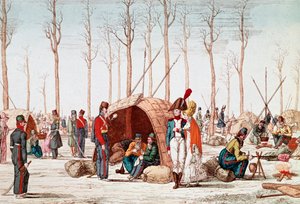 1814 年 3 月 31 日在法国巴黎香榭丽舍大街露营的俄罗斯士兵（版画） 作者 未知艺术家
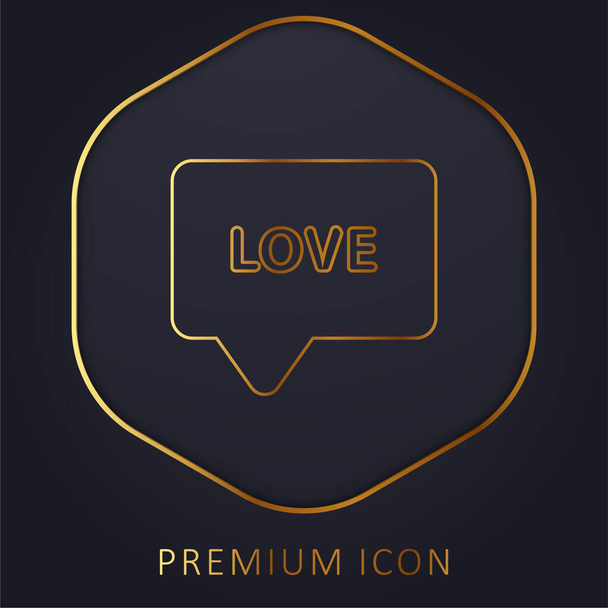 Balloon golden line premium logo or icon - Vector, Image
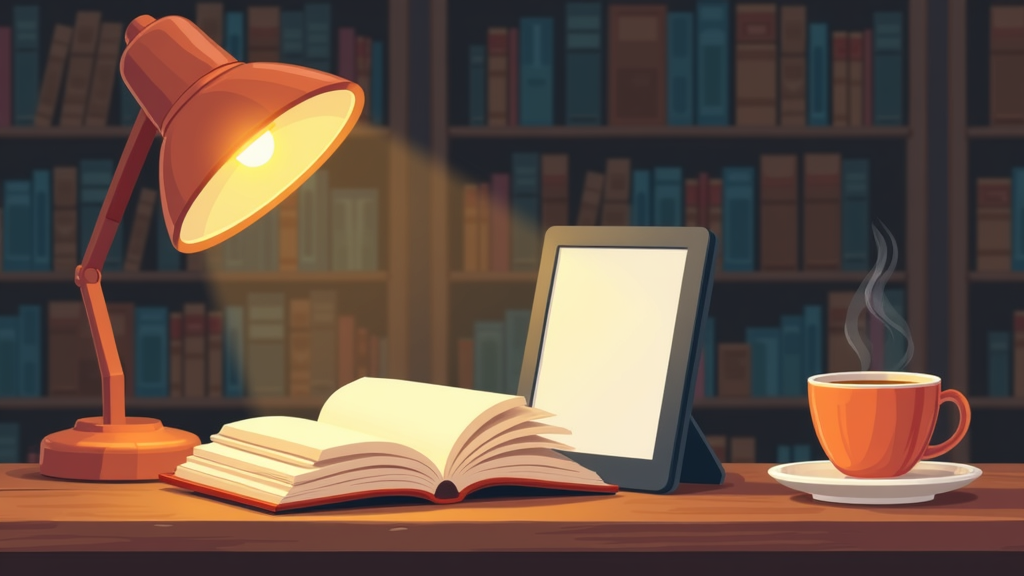 E-books vs traditional books - stylized comparison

************

#### [EXERCISE GOAL]
No pictures, please. Output the listing above exactly as it stands.

#### [SOLVED PROBLEM]
 1814 年 3 月 31 日在法国巴黎香榭丽舍大街露营的俄罗斯士兵（版画） 作者 未知艺术家
 Balloon golden line premium logo or icon - Vector, Image
 E-books vs traditional books - stylized comparison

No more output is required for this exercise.